Both women are more than willing to connect with their students; however one is more earnest in their want to learn our names. Despite her criticism, I suppose her study of humans has made her even more social--an interesting find any beings.
In my final live moments of the day, I was sent to a seminar of which has yet to change in the past year. The room was thick with sarcasm, strong personalities and a humor only Hunter Thompson would ever truly appreciate--together we sat, a group of inspired students aspired to be journalists. We report the news, feature entertainment, rant in columns, and joke about the authority and obstinate sources. Give us all a month and our shining faces will look just as ragged as the tread of our shoes.

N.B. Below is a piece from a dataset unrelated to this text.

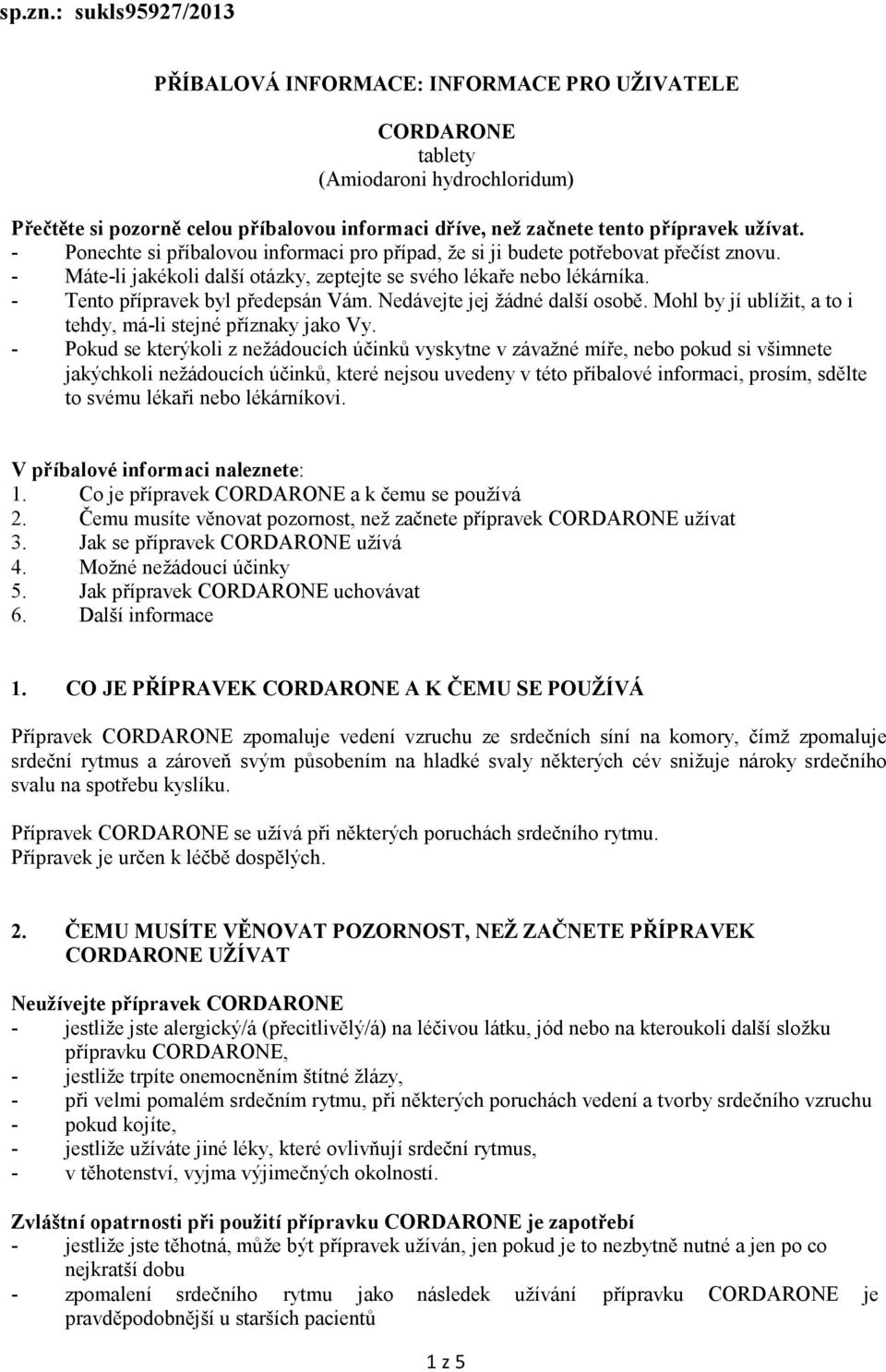 - Ponechte si příbalovou informaci pro případ, že si ji budete potřebovat přečíst znovu. - Máte-li jakékoli další otázky, zeptejte se svého lékaře nebo lékárníka. - Tento přípravek byl předepsán Vám.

In tailored clothes and with a look of determination, I imagine my professional-self ripping-up pavement with soles more forgiving, instead of blister with every lesson learned on foot--article-by-article, I am paving my way, the tips of my shoes digging into the soft pavement caving under the breath of the sun.
There is peace in knowing my schedule for Mondays stretched into forever. I would rather have Monday’s pressing schedule than no experience or understanding at all—even if we do all resemble zombies without anything to kill.
Tuesday, August 2, 2011
Typically, before attending a wedding, I go through a few items on my mental checklist. I must prepare myself for the long, ceremonious speech given by the minister, and the possible outbursts and dramatic reactions to happiness deserved and bitterness received by others.
Weddings are strangely arousing--but not in all the ways the prospect of a honeymoon would presume. They tear families apart, rekindle old loves, and make people want to do dance. A little of everything was experienced at this one: a young couple feeling pushed aside by their family for their baby out of wedlock; a model couple finally exchanging vows; dancing to every genre of song; small portions of delicious foods on small plates; snooty country club servants and members walking past the ballroom in dismay to see blue collars in their establishment; other couples kissing at every moment of glee; and some family members glaring down others.
The only reprieve to any dismay was the blessing of no booze being served as a main course at this particular occasion (as is the usual for others I have attended).
"If they want alcohol, they can go to the bar and buy it themselves, but my dad is not paying for it," the bride-to-be said at the rehearsal dinner the night before. She is wise beyond her years.
Despite the minister talking for a long time, and the song--playing as the couple exited--quickly turning into something akin to "Phantom of the Opera" with the slip of a few fat fingers, the wedding was actually less ceremonious and more celebratory.